● **Supplied material**:
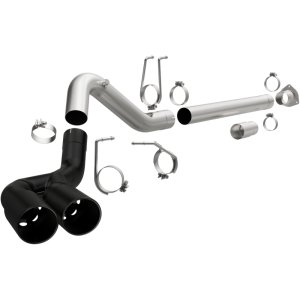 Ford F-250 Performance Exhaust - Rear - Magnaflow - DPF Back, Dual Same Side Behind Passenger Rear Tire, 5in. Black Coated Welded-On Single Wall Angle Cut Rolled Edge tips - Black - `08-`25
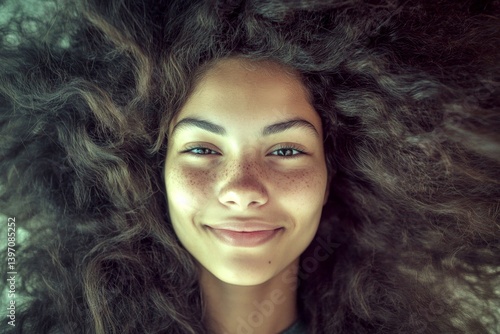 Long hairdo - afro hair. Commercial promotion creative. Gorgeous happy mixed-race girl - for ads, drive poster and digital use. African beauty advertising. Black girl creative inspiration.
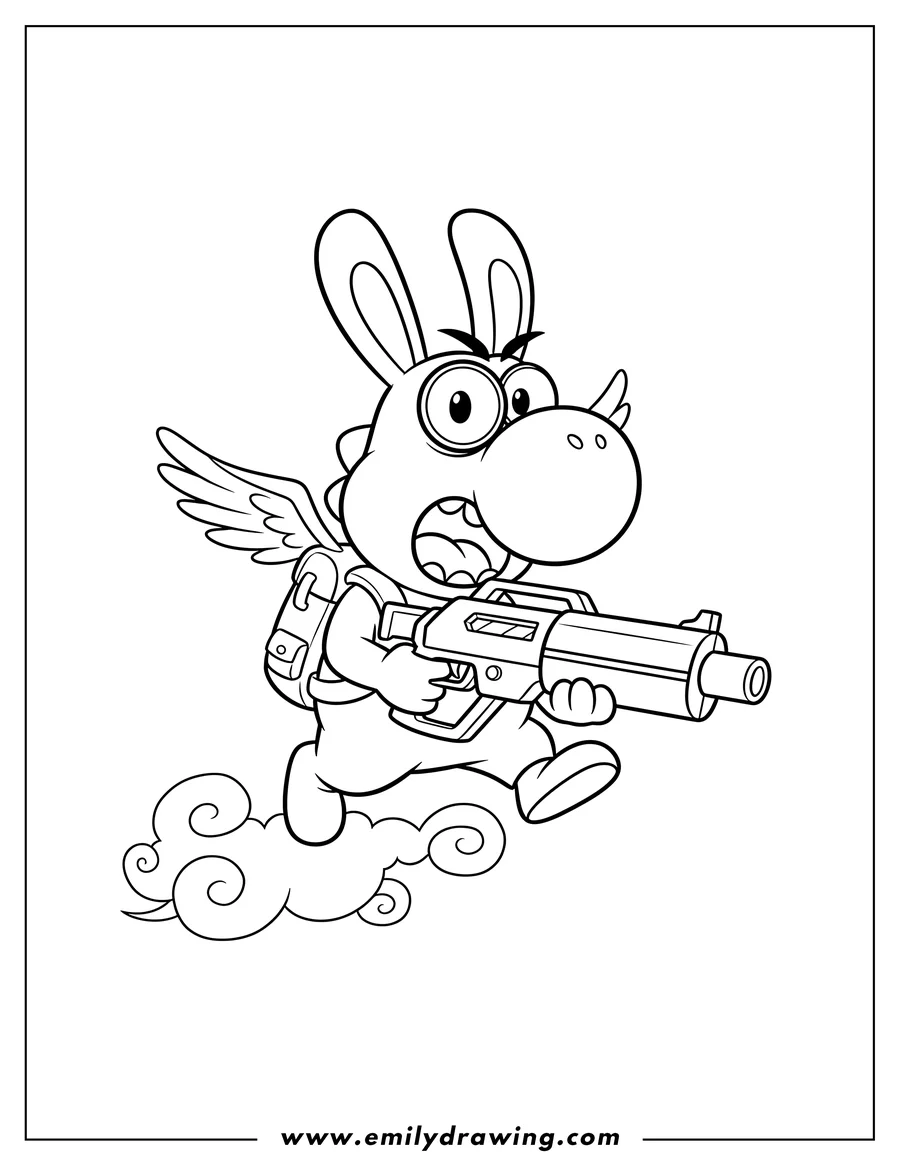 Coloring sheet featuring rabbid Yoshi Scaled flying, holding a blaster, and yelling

...

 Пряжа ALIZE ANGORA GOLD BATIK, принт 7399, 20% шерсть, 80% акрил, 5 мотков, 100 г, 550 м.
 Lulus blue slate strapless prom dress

● **Instructions to follow**:
Each line from the one that contains "Long hairdo - afro" down to the one that contains "Coloring sheet featuring" is to be returned exactly as it stands above, both ends included, with pictures removed.

● **Solution**:
 Long hairdo - afro hair. Commercial promotion creative. Gorgeous happy mixed-race girl - for ads, drive poster and digital use. African beauty advertising. Black girl creative inspiration.
 Coloring sheet featuring rabbid Yoshi Scaled flying, holding a blaster, and yelling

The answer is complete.